The last few months I’ve been increasingly fascinated with habits – our natural autopilot states. When was the last time you actually concentrated on tying your shoes? When you go to your favorite restaurant or bar, do you end up ordering the same thing almost every time? Do you brush your teeth first thing when you wake up, or after you’ve showered? These are all habits, and we probably do the exact same thing 90% of the time.

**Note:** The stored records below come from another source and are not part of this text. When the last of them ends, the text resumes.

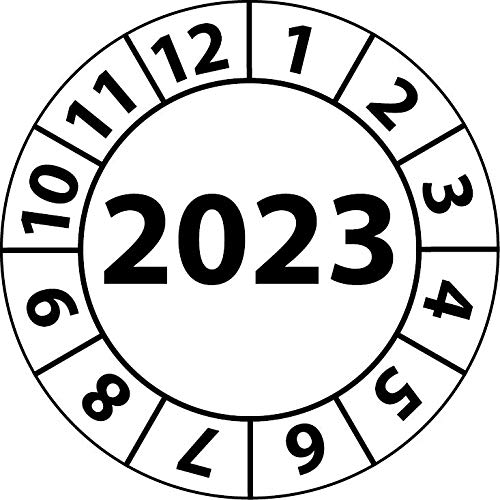 Jahresprüfplakette 2023, Vinylfolie, selbstklebend, Prüfaufkleber, Jahresplakette für das Jahr 2023 (20 mm Ø, Weiß, 100) von Fast-Label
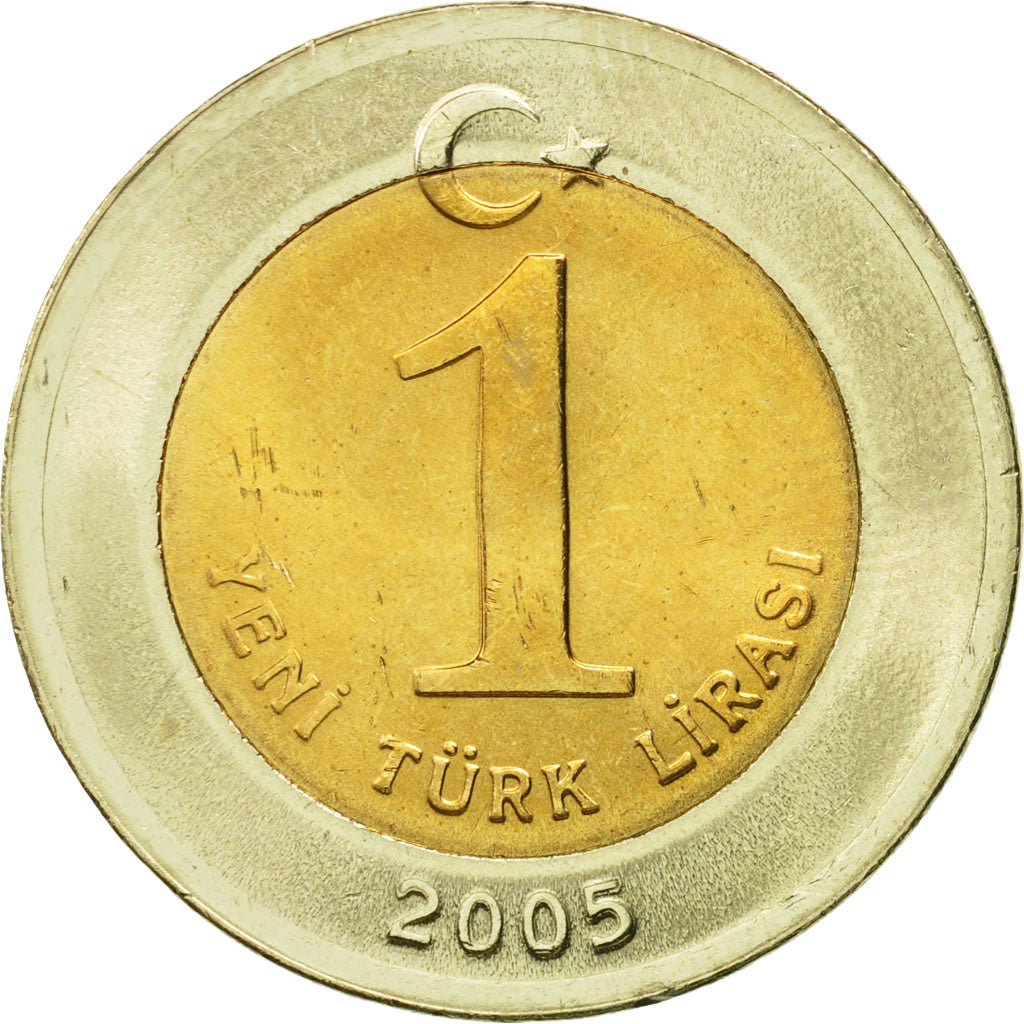 Moneta, Turcja, New Lira, 2005, Istanbul, MS(65-70), Bimetaliczny, KM:1169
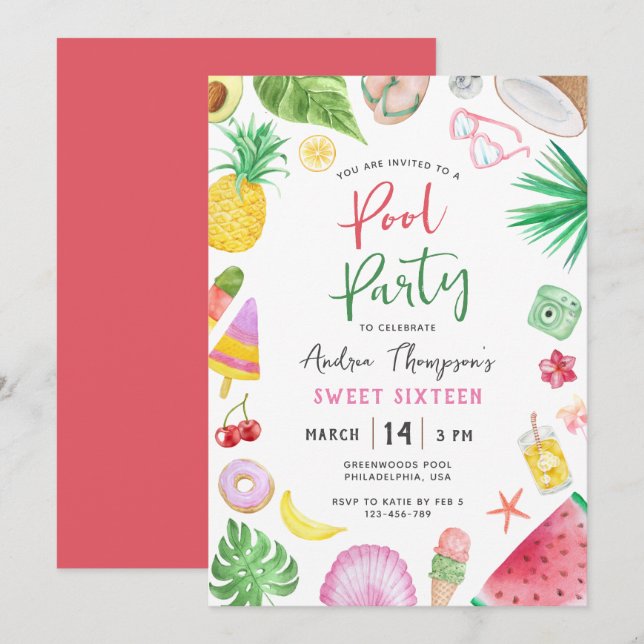 Den moderna sommardagen Bassäng Party, Sweet sixte Inbjudningar (Fram/baksida)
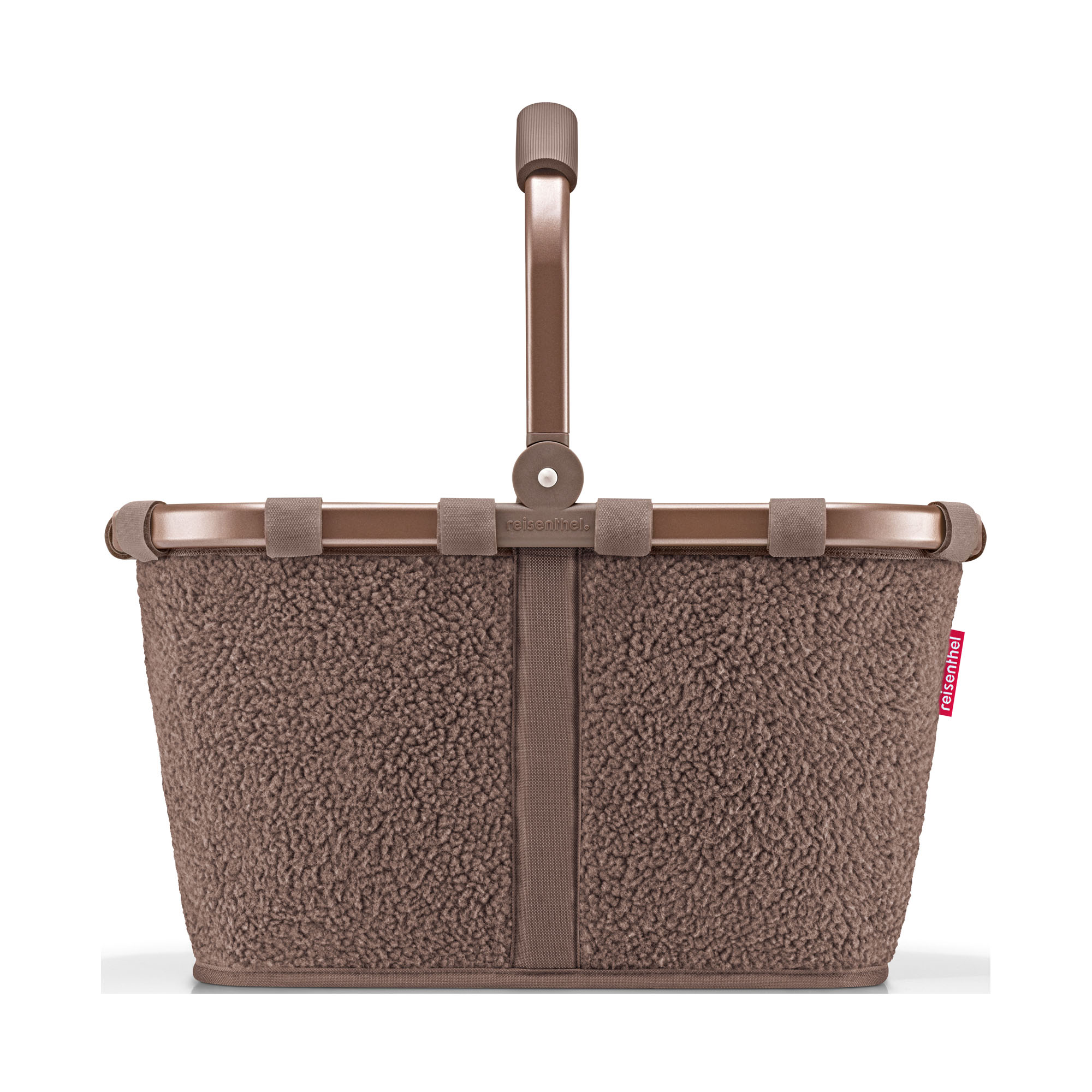 Einkaufskorb von Reisenthel, Modell Carrybag, in Schokoladenbraun aus Teddyfleece, von hinten mit hochgestelltem Tragegriff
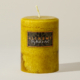 Gold Holy Basil & Mint pillar candle by Alchemy Candles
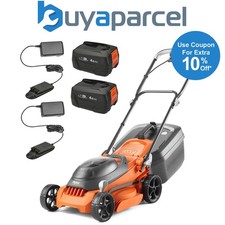 Flymo 36V EasiStore 340R Cordless Lawnmower Mower 34cm Twin 18v Bosch 2 x Batts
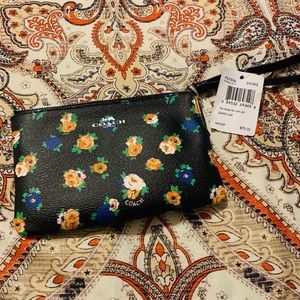 *New* Coach Black Floral Wristlet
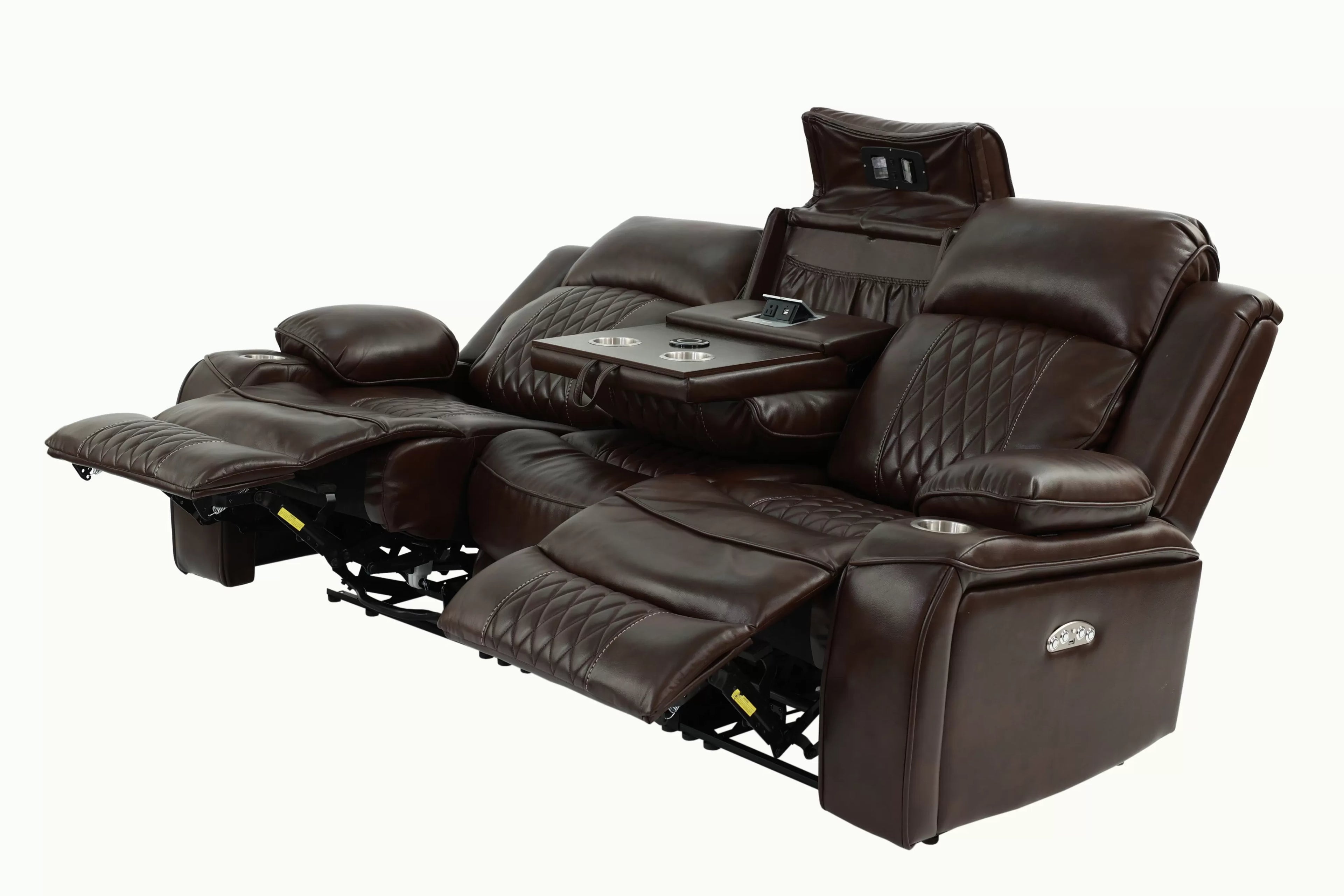 Poundex F86403-02 2 pc Diligent power motion brown leatherette sofa and love seat set power headrests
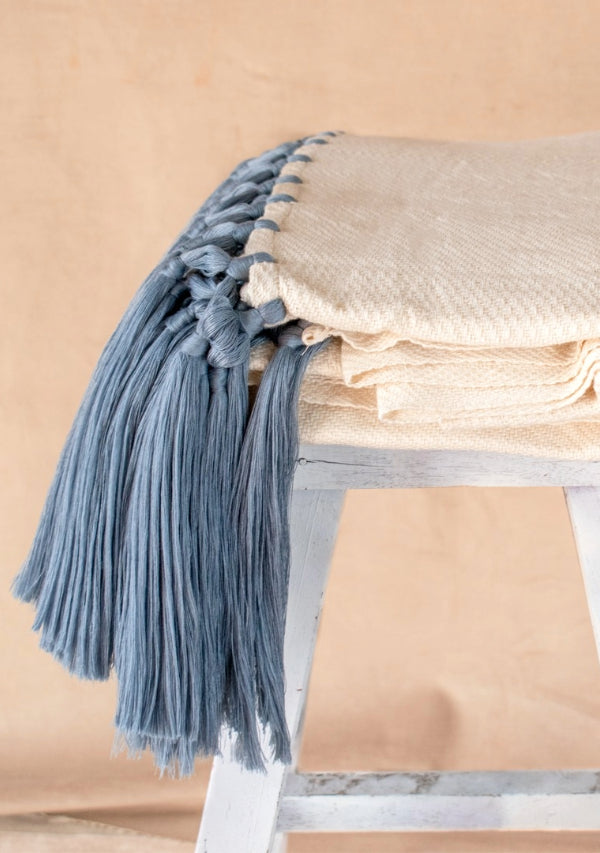 Macrame Gray Cotton Throw Lula Mena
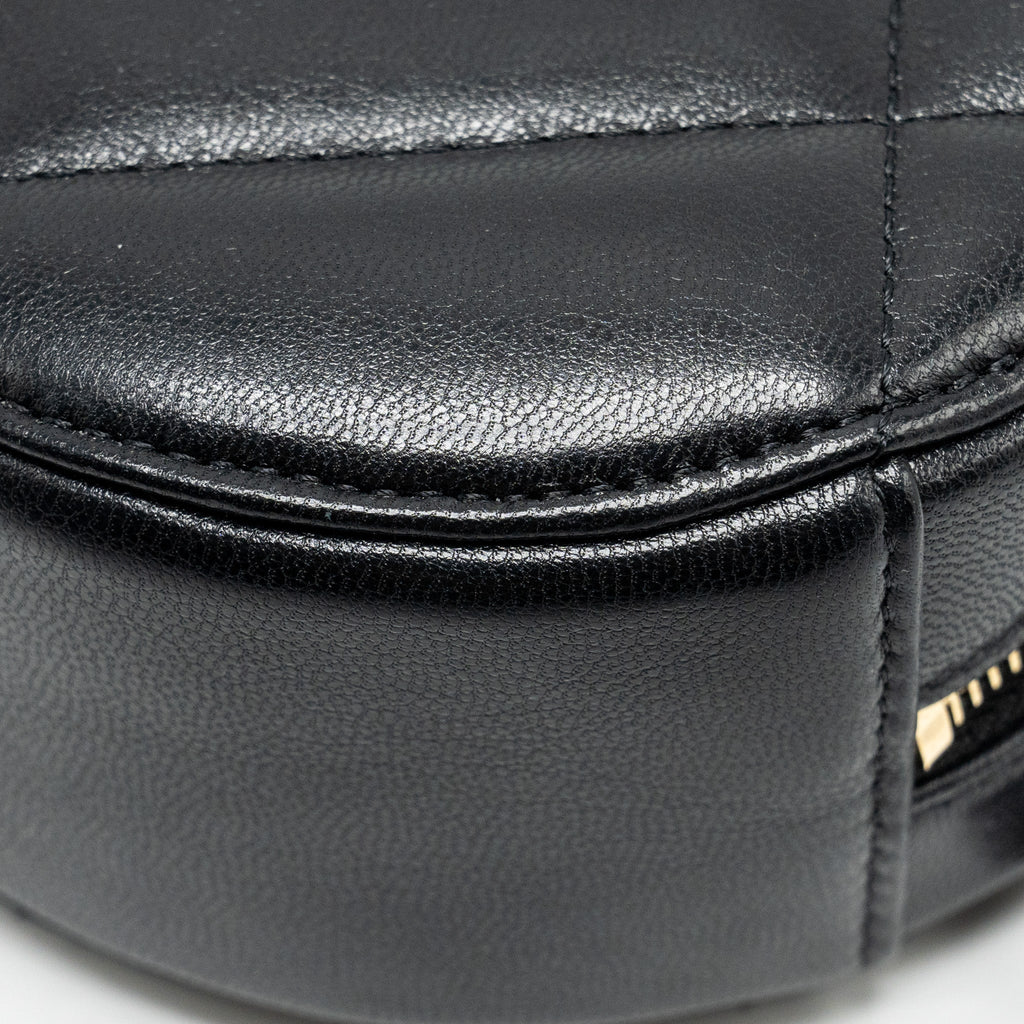 CHANEL 19 ROUND CLUTCH WITH CHAIN LAMBSKIN BLACK WITH MULTICOLOR HARDWARE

Charles Duhigg has spent years researching and writing about habits in his book, The Power of Habit, and now I’m reading “Smarter. Better. Faster.” – a book that examines productivity – basically, an extension of our habits. How do we harness our energy effectively? Do we take care of the important e-mails all in one consecutive swoop? Or do we break them up into smaller, more digestible chunks? The annoying thing about habits is that what works for someone in terms of overcoming them might not work for you.
My friend and I were chatting earlier in the week and discussing emotions. When we’re feeling angry, depressed, anxious, scared, worried, aggressive, passionate, and a plethora of other excitable emotions, it’s as if we don’t cognitively have control. Our emotions take control. It’s not even necessarily autopilot; we end up on an emotionally defined path that we sometimes don’t feel we have the say in where things are going or where we’ll end up.
As I’ve been reading in Duhigg’s new book, I’ve discovered that the main problem is we’re not often actually thinking. Our days are often so similar that we don’t have to engage ourselves that much in terms of using our minds, so our bodies and brains establish thought-patterns that for the most part, keep us alive, but maybe don’t better us a whole heck of a lot. For example, I may have arrived safe at work yesterday. But I honestly don’t remember making conscious decisions on the drive there. I just sort of arrived, in a tired, grey fog of, “I need coffee NOW.” I automatically reacted to other cars on the road and traffic signals and I obeyed all of the laws, but I wasn’t engaged.
Successful people are engaged. They force themselves to constantly think. They’re always visualizing things – always creating new mental models for what may occur.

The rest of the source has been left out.